After Uber paid late in Texas and no cancellation fee. Great move Lyft. Now more pax and driver support.


----------



## BostonBarry (Aug 31, 2015)

Pr1nce, first off don't get overly confrontational. After all, you asked a question. Most here have responded simply with why they choose Uber or keep Uber while driving Lyft, they are answering your question. Personally, I agree with you. Lyft does a much better job striking a balance between driver and rider happiness. Not only do I make more money with Lyft but my riders are generally happier with their service in general and more pleasant to have along for the ride. For me, Lyft works because they have started pushing hard into Boston with advertising, promo credits, and now LyftLine. So ridership is definitely up. Would I have more pings/hour on Uber? For certain. But thanks to the Power Driver Bonus, the hourly guarantee bonus, the tips, the lack of commission on Cancellation Fees, the higher payout for rider referrals, the fact my Lyft trips average longer than Uber ones, all mean I net more income on Lyft. So it works for me.
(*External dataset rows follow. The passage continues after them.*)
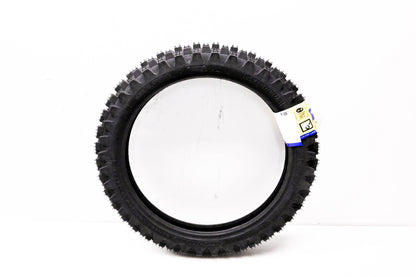 Michelin 920290 Starcross 5 Mini 60/100-14 M/C 29M Tire NOS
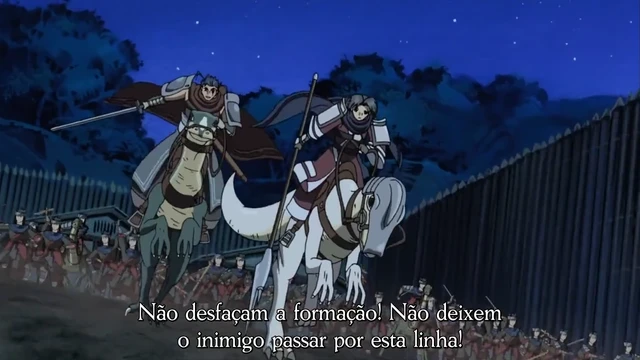 Episódio 06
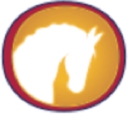Windsor Gardens logo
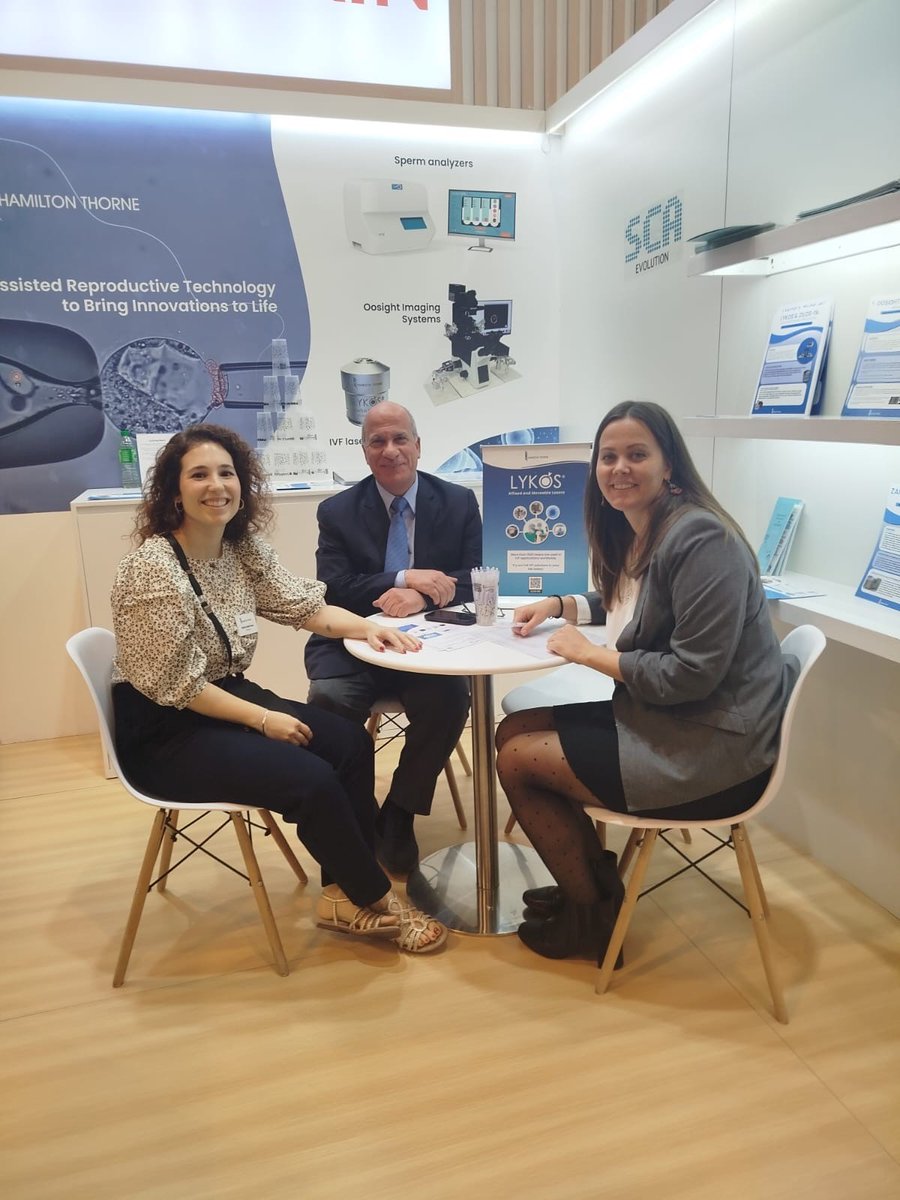 Hamilton Thorne tweet media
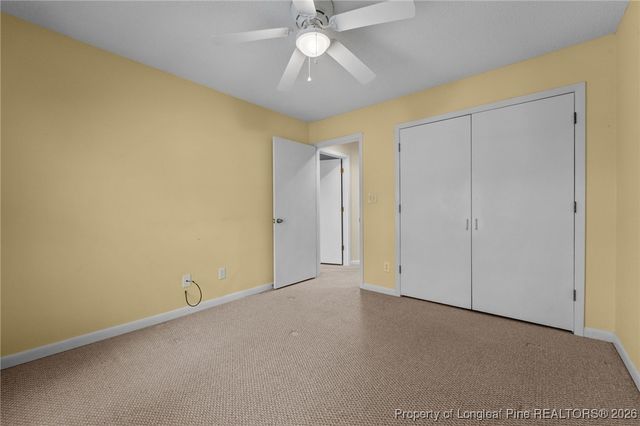 15620 Fox Lane, Wagram, NC 28396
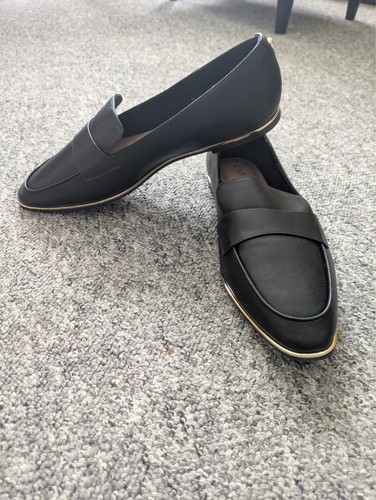 Carvela ladies shoes size - carvela,
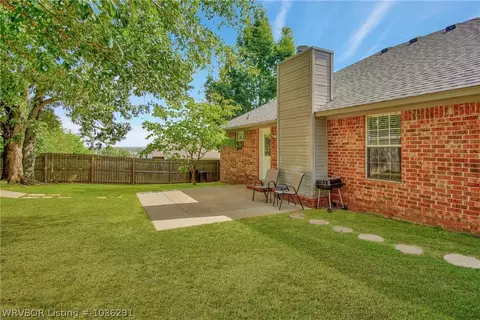 655 Mount Harmony Rd, Greenwood, AR 72936 photo 22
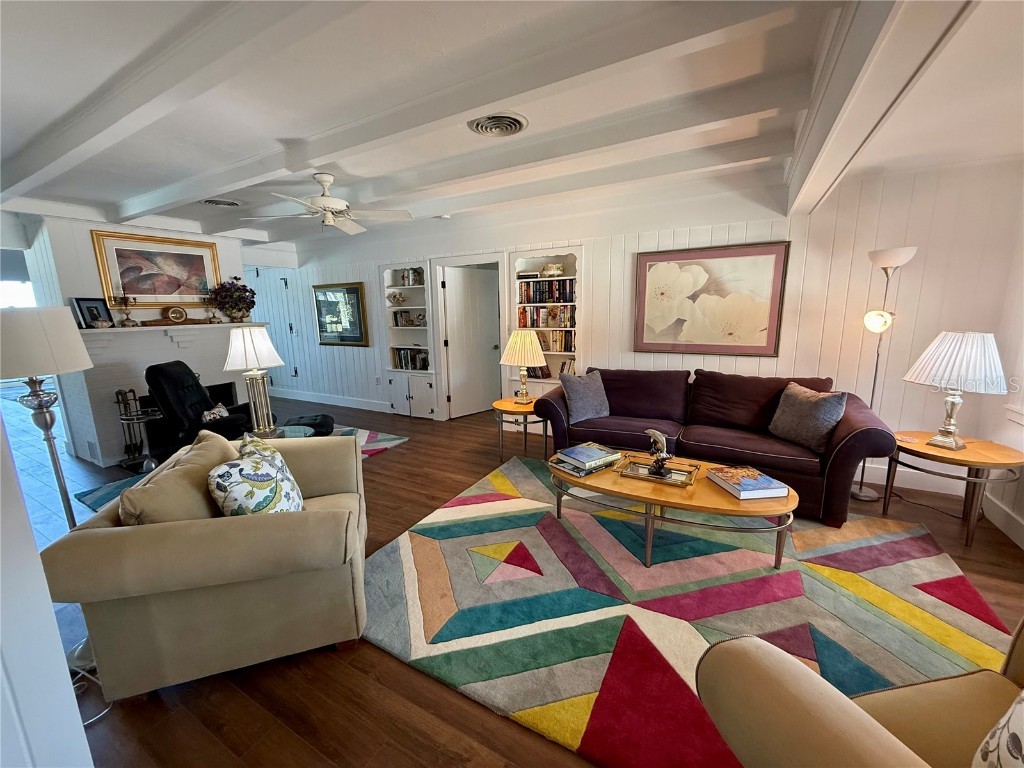 3534 Casey Key Road Nokomis FL 34275 A4533330 image5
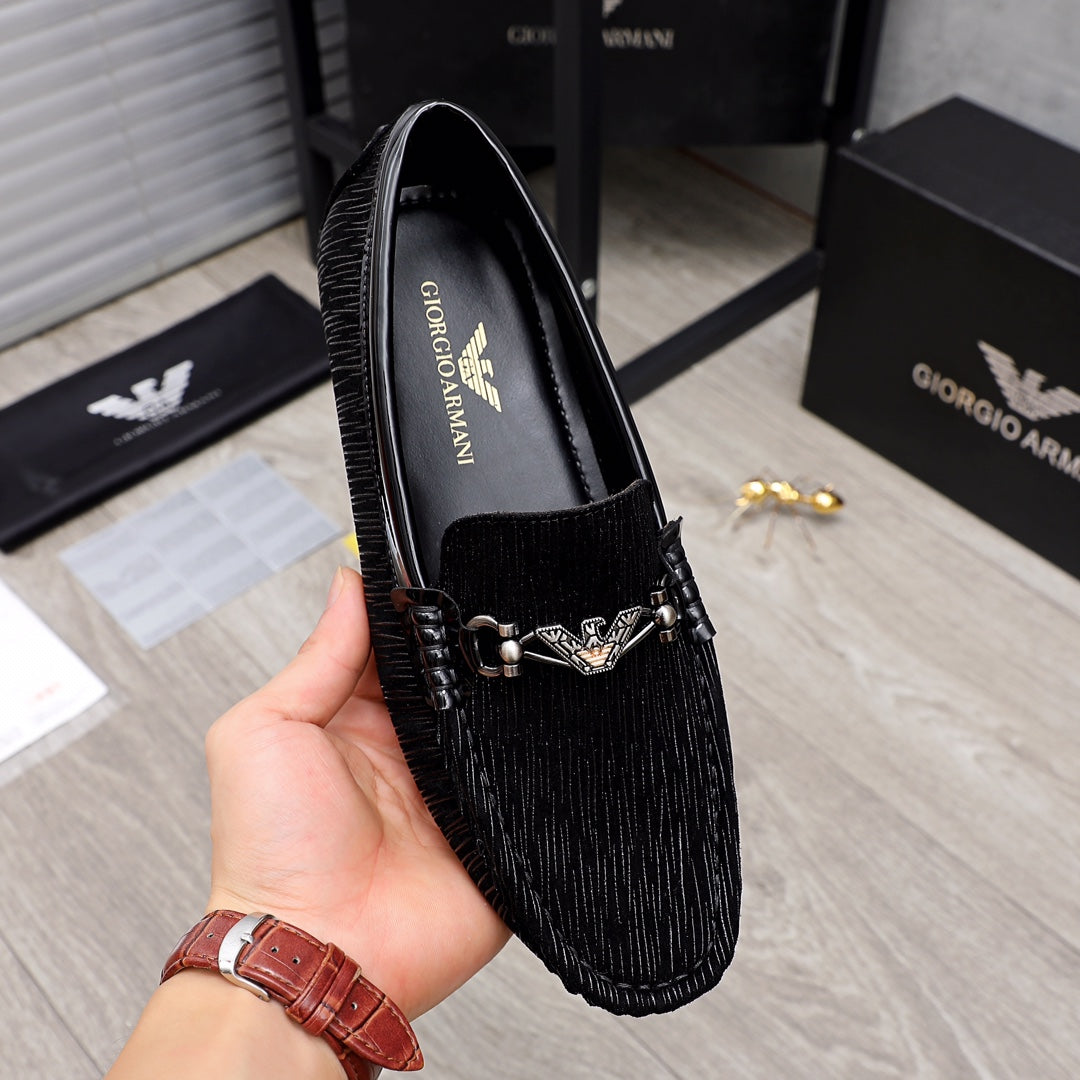 LuxluxHouse Best Quality Shoes Shoes Amiri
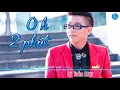 Download Lagu 0 Giờ 2 Phút   Lý Tuấn Kiệt Audio Official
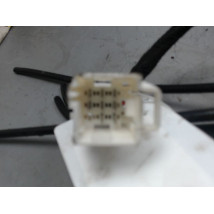 MOTEUR TOIT OUVRANT PEUGEOT 206 CC 2000-2007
There certainly are markets as those have pointed out above where Lyft doesn't have a strong presence. We make nothing without a passenger in the car so it is difficult to just up and get everyone to convert at once. Personally, I prefer telling everyone what the differences are and strongly suggesting Lyft over Uber when asked. I don't fault those people for sticking with Uber as we are, after all, here for the money. Let's just hope that the market bears the clearly better choice over time.


----------



## BostonBarry (Aug 31, 2015)

Oh and on original topic, I do like the option of immediate withdrawal. Emergencies happen and since I've been a waiter in the past I know the luxury of having your cash handy and how to budget for the week. I'm more impressed with the gas discount at shell "3 cents/gallon up up to a couple free tanks a week" would be great. Compared to Uber's gas card and debiting my deposit to pay for it, I'm much more a fan of this program. Also, Hertz. Love this just in case I have a huge repair or other reason I can't use my car. Forget the Uber lease, bring on the discounted rental.


----------